Paul Williams

Personal information
- Born: August 7, 1956 (age 69) Ottawa, Canada

Sport
- Sport: Track and field

Medal record
Representing Canada
Commonwealth Games
| Bronze medal – third place | 1990 Auckland | 10,000m |

= Paul Williams (runner) =

Canadian long-distance runner

Paul Gregory Williams (born August 7, 1956) is a Canadian retired long-distance runner, who represented his native country at three consecutive Summer Olympics, starting in 1984. His best result was finishing in 21st place in the men's 10,000 metres at the 1984 Summer Olympics in Los Angeles, California. Williams is a four-time national champion in the men's 5,000 metres.

== Career ==
Williams was born in Ottawa, Ontario, the second son to Robert and Dorothy (née Tait) Williams of Toronto.

Starting his career in the late 1960s as an age-class runner in the Beach community in Toronto's east end, he competed regularly in OFSSA track and cross-country competitions (from 1970–75) for Riverdale Collegiate with his older brother Don, and went on to a stellar athletics career at both the University of Guelph and the University of Toronto.

Williams matured quickly as a young distance runner, especially under the influence of two powerful role models in the sport. One was Bruce Kidd, Canada's premier distance runner through the 1960s and the gold medallist over 6 miles at the 1962 Commonwealth Games. His other hero was John Lindsay "Jack" Tait (1888-1971), Canada's champion miler of the British Empire in 1911, Canadian amateur middle-distance champion at 3 and 5 miles, world record holder indoors at 880 and 1000 yards, and a two-time Olympian in 1908 (London) and 1912 (Stockholm). Tait also happens to be Williams' grandfather.
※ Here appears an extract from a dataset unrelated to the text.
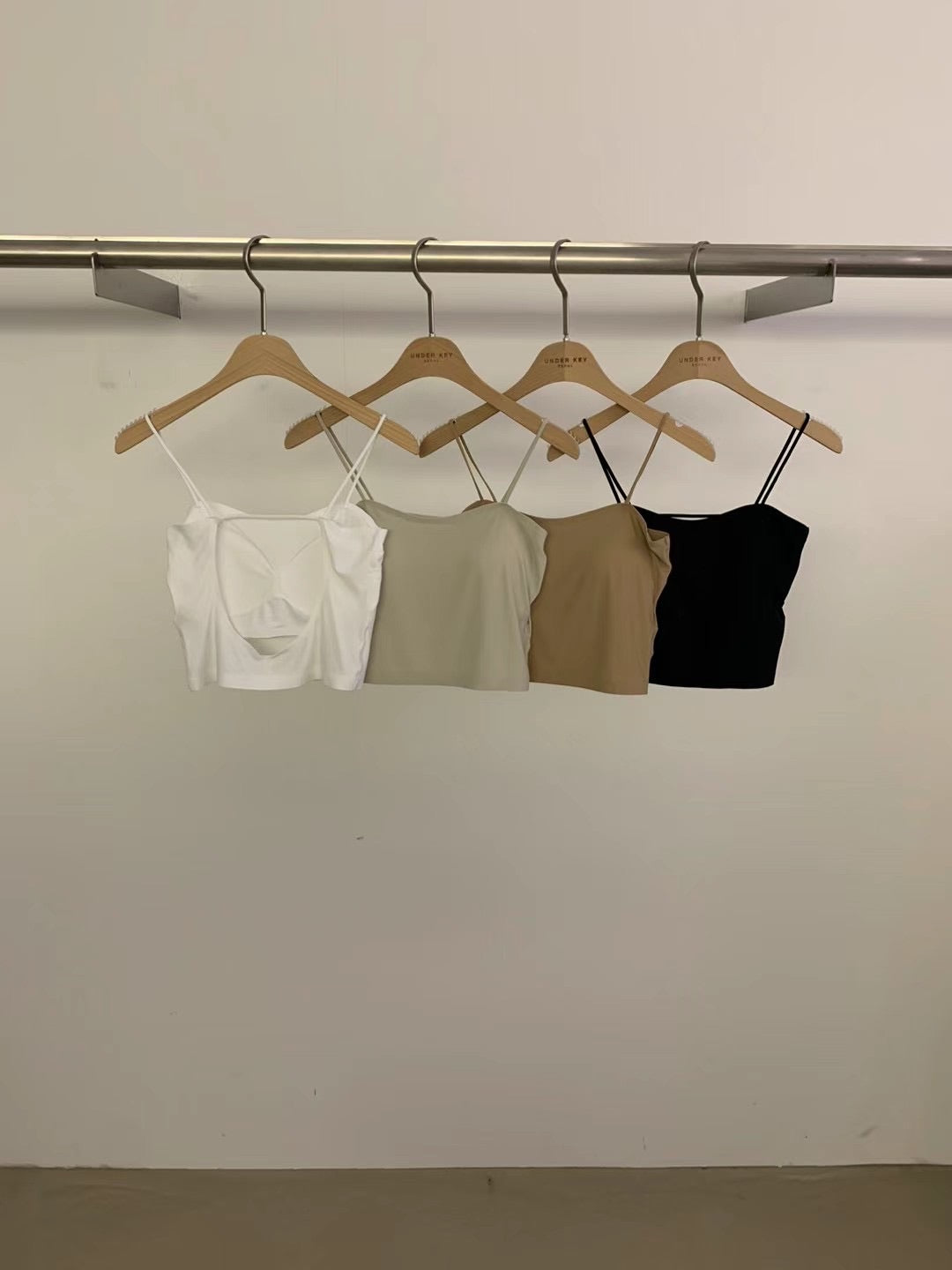 ♔ 皇牌 ۰ 親膚露背Bra Top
Between 1979 and 1992, Williams held and/or broke several times the Canadian records for the 3,000 metre steeplechase, 3,0000 metres (7:46), 3,000 metres indoors (7:54), 5000 metres (13:22) and 10,000 metres (27:50). In 1984 his 27:55 10K performance made him the first Canadian ever to run under 28 minutes for 10,000 metres. In 1990, Williams won a bronze medal in the men's 10,000 metres at the Commonwealth Games (Auckland), and a gold medal in the Goodwill Games over 5,000 metres.

From 1983 to 2003, Williams was married to Lynn Kanuka, bronze medallist in the women's 3000 metres at the Los Angeles Olympics (1984), Commonwealth Games gold medallist in the women's 1,500 metres (1986), and former multiple Canadian middle-distance record holder.
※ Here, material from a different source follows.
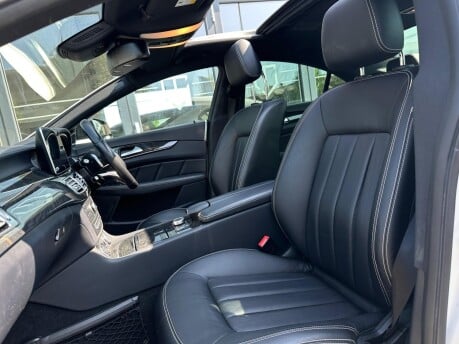 Mercedes-Benz CLS CLS220 D AMG LINE PREMIUM PLUS 10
Williams has owned and operated "Peninsula Runners", a popular running, general fitness and retail hub, since 1996 (www.penrun.ca). With locations in White Rock and Langley, 'PEN RUN' supports a multi-faceted community for training, fitness consulting and unique 1-to-1 retail relationships. He is also a co-founder and two-time winner of the massive Vancouver Sun Run 10K, and an official retailer to the event through the Sun Run Stores consortium (www.sunrunstores.com).